Images of Christ in the Gospels . Jesus evinces a characteristic eschatological power that reveals his messianic self-understanding: in him the reign of God is personified; he is acting as the anointed agent in a powerful invasion to rescue Satan's prisoners, one by one.
The parables of the kingdom shed further light on Jesus' Christology of inaugurated eschatology, since a true metaphor is more than a sign because it bears the reality to which it refers. The following sayings describe Jesus' messianic understanding as he sees the power of God at work in his own ministry and in those who accept him. In the parable of the children in the marketplace (Matthew 11:16-19 ) Jesus declares with authority his right to invite outcasts to open table fellowship, thereby going beyond nationalist and ethnic interests to include all who will eat with this friend of tax collectors and sinners (implicitly fulfilling the vision of Isaiah 49:5-13 ). In the twin parables of the treasure hidden in a field and the pearl of great price (Matthew 13:44-46 ) Jesus describes the surprise and joy of discovering and acquiring great treasure, implying that the saving reign of God is present to be discovered and acquired. Only one who is supremely confident that he is anointed to speak with divine authority could make such a radical announcement. Astounding is Jesus' announcement that forgiveness of sins is present in response to himself, and still more startling is that lost Gentile sinners (including Jews who have made themselves like Gentiles) are forgiven and welcomed into table fellowship. In the parable of the prodigal son (Luke 15:11-32 ) the reprobate who has become like a Gentile is forgiven and restored to the father's table, in reversal of traditional theology that the son was "dead."
We need to ask what opinion Jesus must have had of himself to speak as he did against the traditional viewpoint of religious authority. Jesus exhibits a decisive Christology that exceeds the messianic views of Judaism. Jesus appears to speak as the voice of God in announcing the inauguration of the eschatological time when the unforgivable sinner is forgiven. No other explanation can satisfactorily account for the phenomenon (the rejecting Pharisees, on the other hand, see Jesus as demonically possessed and heretically mad, Matthew 12:24 ). The parables of the lost sheep and the lost coin (Luke 15:3-10 ) bear out the same theme of searching, finding, and rejoicing that characterizes Jesus' inauguration of the messianic time of salvation, as do the parables of the great supper (Matthew 22:1-14; Luke 14:16-24 ) and the unjust steward (Luke 16:1-9 ), which emphasize the importance of immediate decision. So also the laborers in the vineyard (Matthew 20:1-16 ), the two sons (Matthew 21:28-31 ), and the Pharisee and the tax collector (Luke 18:9-14 a), which note that preconceived ideas may blind one to the present challenge. The good Samaritan (Luke 10:29-37 ), the unmerciful servant (Matthew 18:23-35 ), the tower builder and the king going to war (Luke 14:28-32 ) describe the necessary response to the challenge; the friend at midnight (or importunate friend, Luke 11:5-8 ) and the unjust judge (the importuned judge, Luke 18:1-8 ) underscore the importance of confidence in God in the present messianic moment and of "pestering" God with petitions.
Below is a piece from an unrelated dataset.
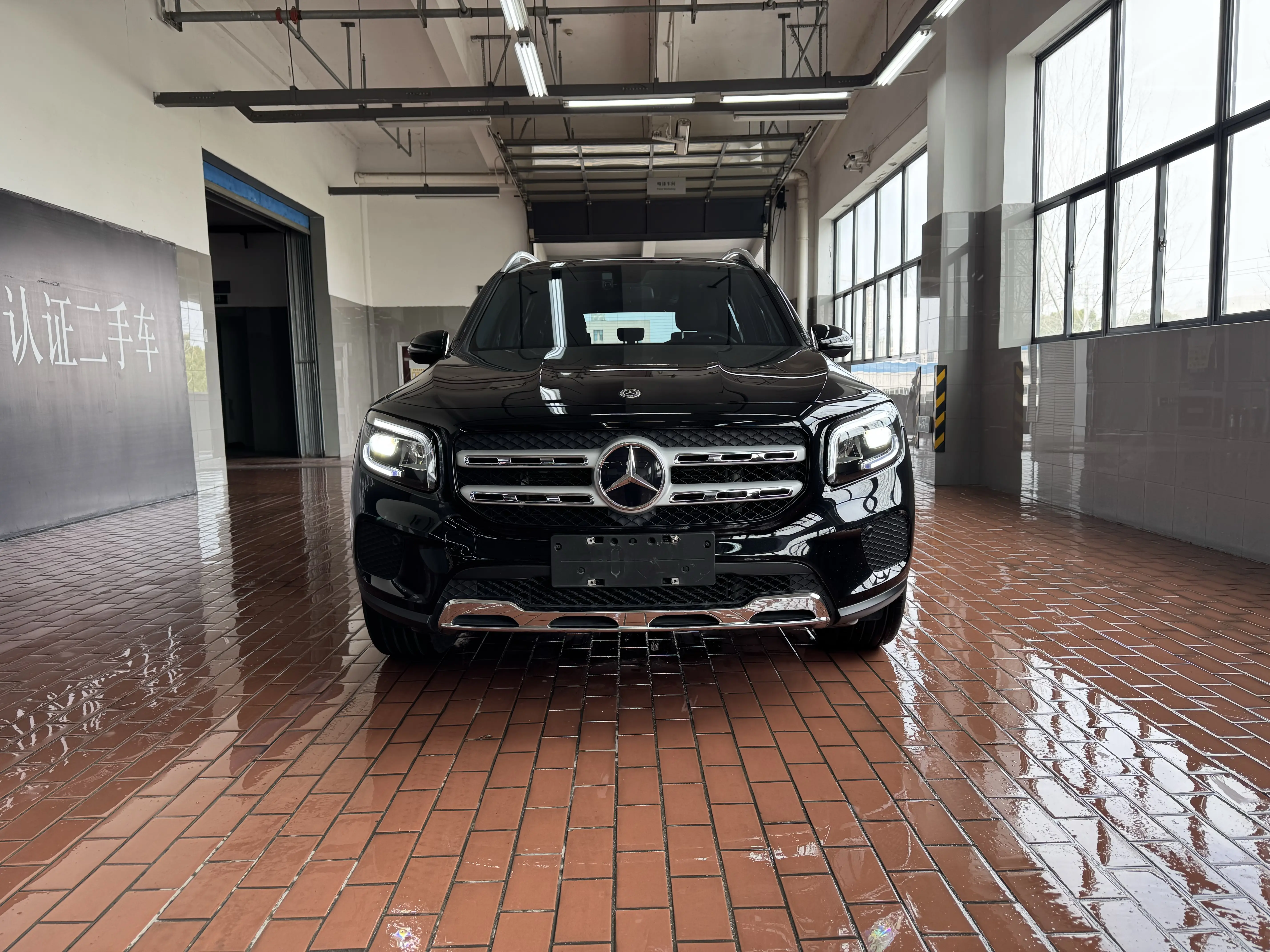 Mercedes-Benz GLB  из Китая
The critical consensus of those sayings that imply Jesus' messianic self-understanding also includes his appeal to discipleship, typical of which is Luke 9:62 : "No one who puts his hand to the plow and looks back is fit for service in the kingdom of God." Scholars note "the radical nature of the demand, " in view of which it should be asked what sort of person would make such a claim except one who is certain of his divine calling and the presence of God's reign in his ministry. While the idiom of entering the kingdom of God is found in both Judaism and the early church, Jesus' attitude toward riches and the kingdom is more radical than that of the rabbis. Jesus says, "How hard it is for the rich to enter the kingdom of God! ... It is easier for a camel to go through the eye of a needle than for a rich man to enter the kingdom of God" (Mark 10:23 b, 25 ). The saying would lead one to conclude that the challenge of the proclamation arises from the intention of Jesus the proclaimer. In making such an absolute demand of his hearers, Jesus implies that he considers himself absolutely worth following. This is borne out in the unusual saying of Luke 9:60 , "Let the dead bury their own dead, but you go and proclaim the kingdom of God"; and the exhortation of Matthew 7:13 a (cf. Luke 13:24 ), "Enter through the narrow gate ... , " which underscores the radical nature of Jesus' demand and points to his sense of messianic confidence. A similar point is made in the saying in Luke 14:11 , "For everyone who exalts himself will be humbled, and he who humbles himself will be exalted, " which implies that only one who is conscious of speaking with the authority of God can announce that all must and will be in accordance with the values of God.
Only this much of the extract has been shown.